#### Task prompt:
Transcribe everything in the listing below exactly, except the pictures.

#### Supplied data:
---------------

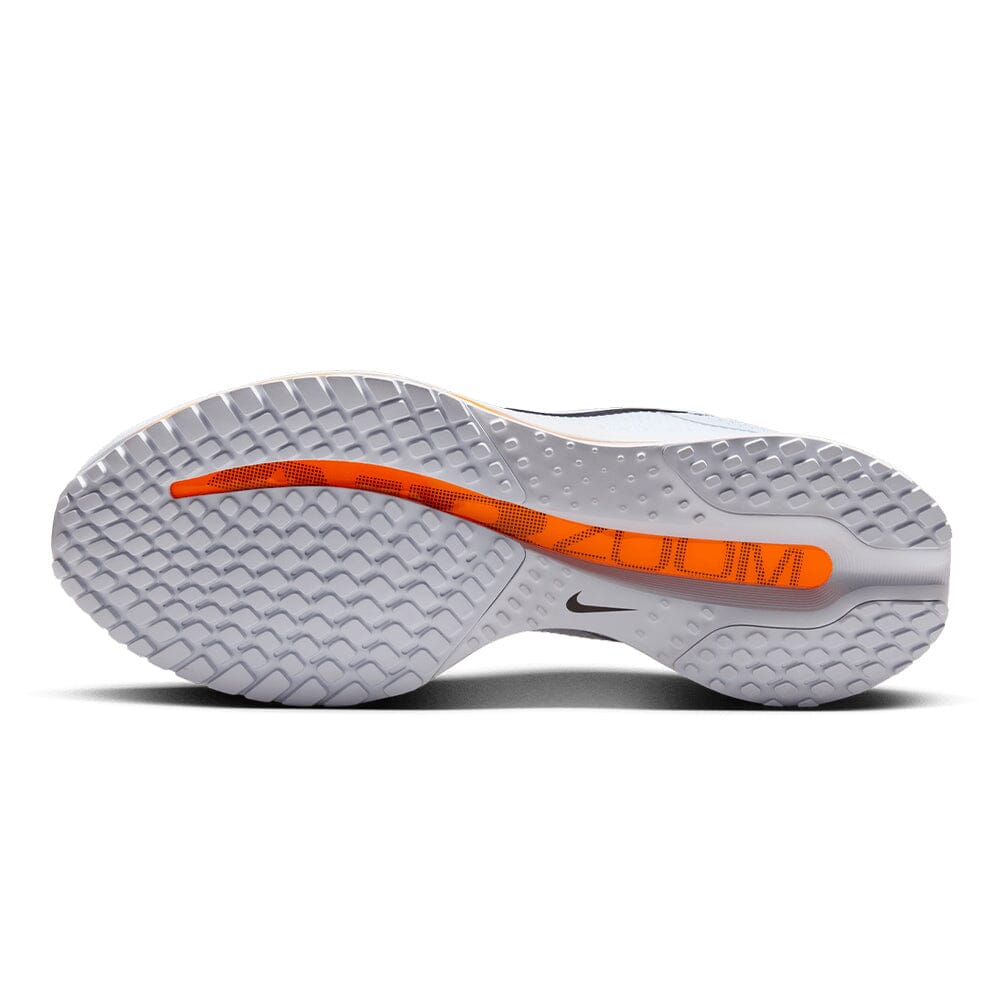 Nike Men's Pegasus Premium - BlackToe Running#colour_football-grey-total-orange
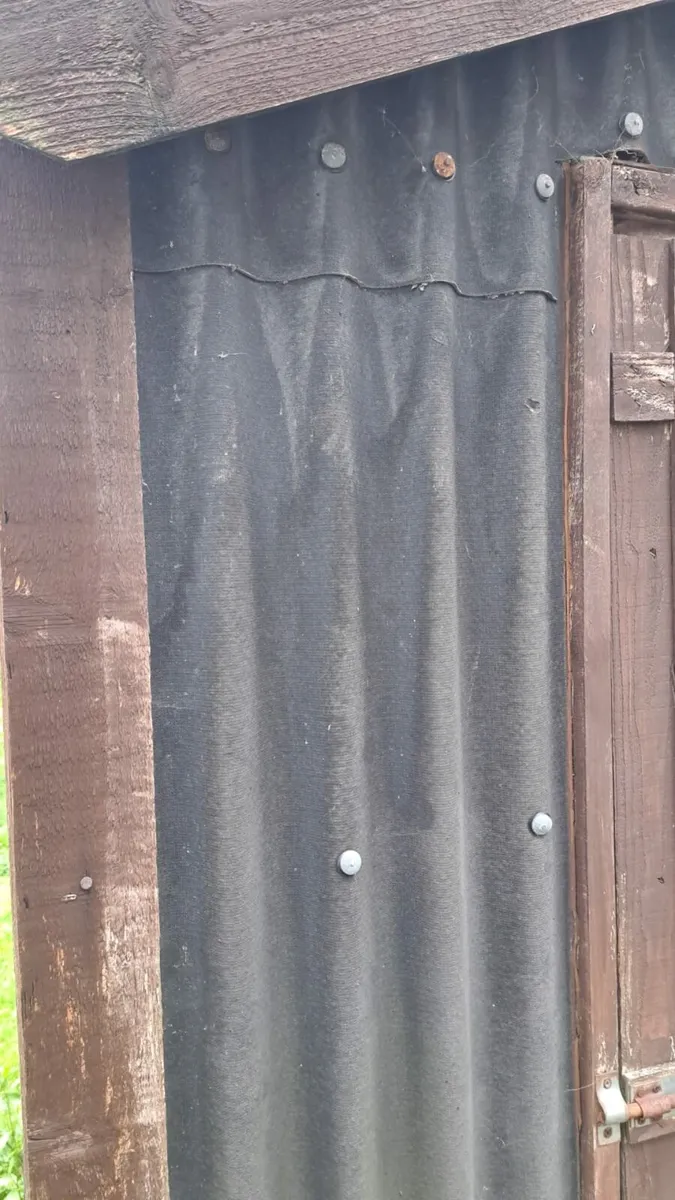 Garden shed for sale - Image 3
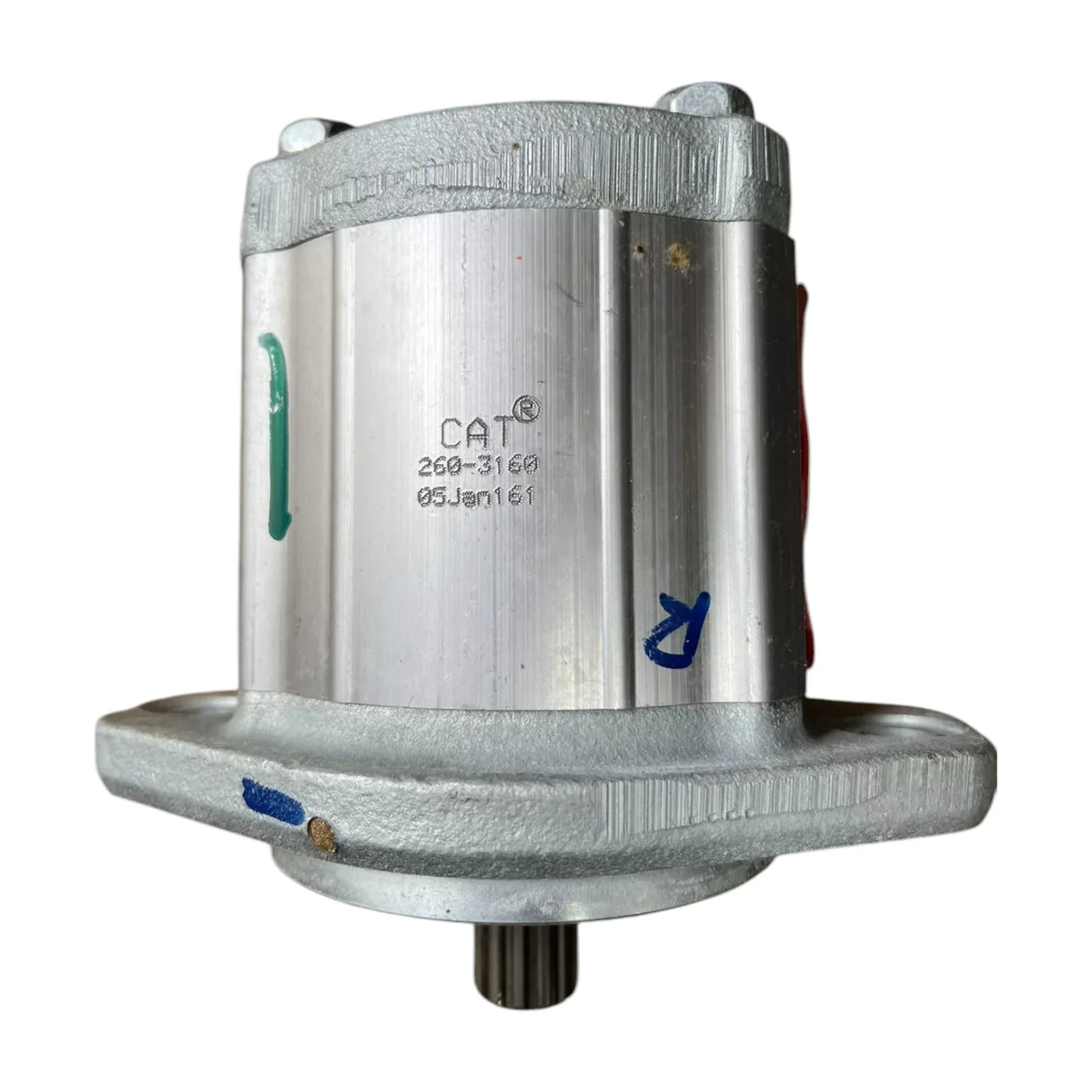 260-3160 CAT Pump GP-GR - Truck To Trailer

---------------

#### Response:
 Nike Men's Pegasus Premium - BlackToe Running#colour_football-grey-total-orange
 Garden shed for sale - Image 3
 260-3160 CAT Pump GP-GR - Truck To Trailer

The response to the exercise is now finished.